The modest recovery leaves the greenback just above the three-year low it hit this week after President Donald Trump threatened fresh levies against global trading partners. The dollar has slid during the past five months as Trump pushed ahead with tariffs, which have raised concerns over the US economic outlook and fueled speculation that foreigners will shun American assets — the so-called Sell America trade.

“Middle East tensions are a risk to navigate rather than a game changer for the bearish dollar view,” JPMorgan strategists including Meera Chandan and Arindam Sandilya said to clients in a note Friday. “We do not expect the dollar impact to be more pronounced or durable than this at this stage.”

The day’s trading pattern was a far cry from decades past, when international crises would typically fuel gains in the greenback and Treasuries, long considered havens in part because of their liquidity and confidence in the US as a leader in the global economy.

The 10-year US Treasury yield rose about five basis points on Friday as surging oil prices stoked inflation worries.

There are some signs that the gloomy stance toward the dollar is easing a bit. For example, options traders — while still broadly bearish on the US currency’s prospects — have moderated their negative views in recent weeks and are banking on a pause in the greenback’s sharp decline.

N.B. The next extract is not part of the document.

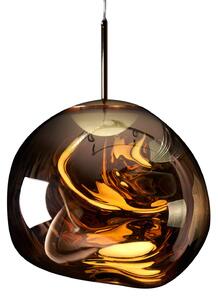 Lampada a sospensione Tom Dixon, Melt Mini, dimmerabile, Dorato / Ottone, Soggiorno, Plastica, Design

“The source of shocks to global risk and growth have been more concentrated in the US so far this year,” Goldman Sachs Group Inc. strategists Stuart Jenkins, Kamakshya Trivedi and Teresa Alves said in a report to clients on Friday. “If that source were to shift more to the rest of the world, the dollar may resume trading with more safe-haven type characteristics.”

The US’s position as the world’s largest oil producer likely helped buoy the dollar on Friday as crude futures soared, analysts said. So did the possibility of a squeeze in short positions against the greenback.